* Data block *
------------------------------

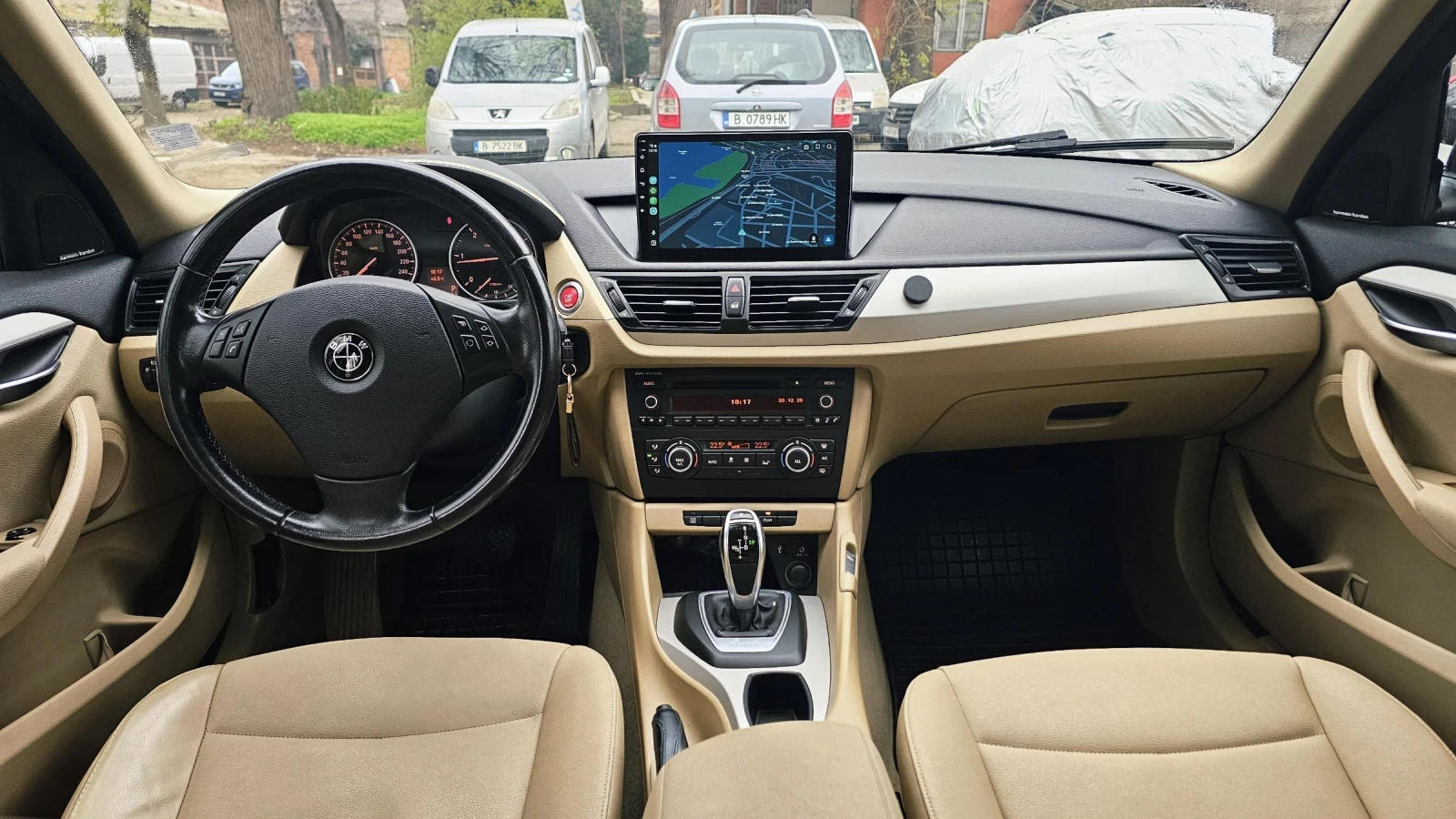 BMW X1 2.0D FACELIFT Xdrive ZF8-степенна скоростна кутия - изображение 10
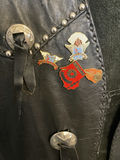 Fancy Honda Motorcycle Vest With pins - thumbnail 2 of 7
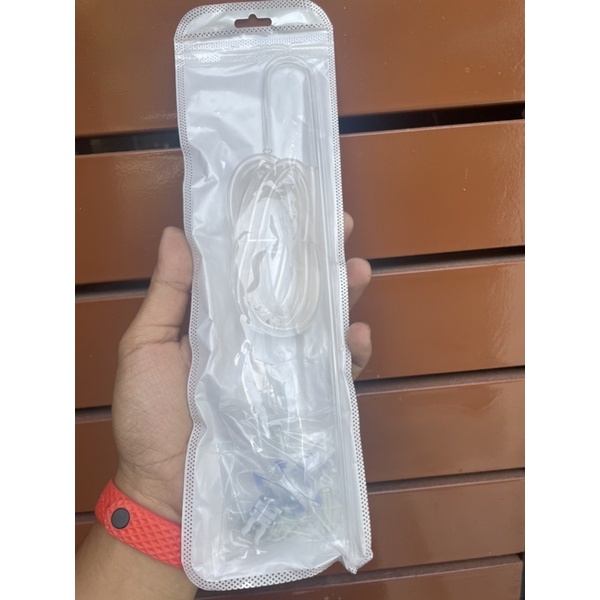 Sủi Co2 chữ L - siêu mịn - giá rẻ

------------------------------

* Task instructions *
Where pictures sit among the data above, omit them, and output the rest exactly.

* Task response *
 BMW X1 2.0D FACELIFT Xdrive ZF8-степенна скоростна кутия - изображение 10
 Fancy Honda Motorcycle Vest With pins - thumbnail 2 of 7
 Sủi Co2 chữ L - siêu mịn - giá rẻ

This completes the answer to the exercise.